For example, suicide among managers of middle to small enterprises is increasing. Normally, we think, "That's nothing to die over." But if you look at each individual case, you realize how desperate each one is. There are people who commit suicide thinking, "If I die, life insurance will be paid. I can keep my family from being chased by debt collectors. This is the last thing I can do." Or, there are those who feel no motivation to recover even if told, "We can reschedule your repayment obligations." Suicides are happening among those who have lost the desire to live.
Shuttered business districts (where the majority of shops always have their shutters closed) are like that. Most of the managers have grown old. They say, "I've had enough. I want to quit as soon as possible." They don't consider what will happen to the shopping district. It's all they can do just to look out for themselves.
The reason Tanaka Yasuo [Governor of Nagano prefecture] is popular now is because he speaks about "the value of living" in terms of being able to say "This is how I am going to live my life." Talk about the "value of living" can easily end up in religion, but my sense is that the problem is not simply a matter of economics but has deeper roots. "Hope-less" People
Masaomi: I think homeless people are "hope-less," without hope. I have dealt with them extensively in my work, and really feel that to be true.
They don't think, "How will it be later on if I make a little effort now?" They can't see a future at all. If someone says, "Why don't you go to the hospital and let your body recover so that you can make one more go at it?" this is the reply that would come back: "So what if I did go the hospital? Then what would happen? Even if I got a little better, there wouldn't be any work waiting for me when I got out. So why go through all the business trouble of being hospitalized?"
Concerning lack of imagination, I think that it is not enough just to show the macro numbers. "Three million six hundred thousand people are unemployed, you know," and "So?" is how the conversation ends. It is only when you cut these numbers more finely that you can begin to see the current situation. The areas about which we do not have any macro data are the extremely problematic ones.

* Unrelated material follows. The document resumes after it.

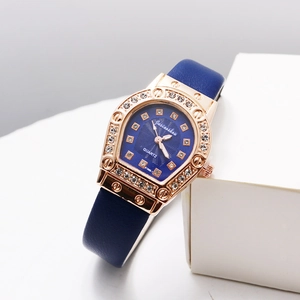 Detail of rose gold horseshoe case with crystals and blue leather strap on quartz watch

For example, out of the three million six hundred thousand unemployed, how many are heads of their families, with dependents? And how many of them have been job-hunting for a couple of years and are unable to find work? If you break it down like this, things get very serious.
Say it gets to the point that hundreds of thousands of the unemployed are heads of households, people supporting families, people who really have no way of feeding themselves from tomorrow. With families to care for, what are they going to do? They have to do something, maybe even commit some crime. They are on the edge. On the other hand, there are those who don't even have the energy to enter the crime scene in order to make do for now. You don't get this sense of gravity from the big numbers, but if you look at the details of each case, one by one, you can't help being overcome.
Masaru: "Hope-less" hits it on the mark. And it's not limited to the homeless. Many people no longer understand why they are alive, while there are increasingly more who do not get enraged at injustice. I believe that not getting angry demonstrates a decline in the will to live.
Half of the hope-less become homeless. The other half escape from Japan and travel abroad. As for income, they are worlds apart, but I don't think they are, in fact, all that different. There has to be a line connecting them.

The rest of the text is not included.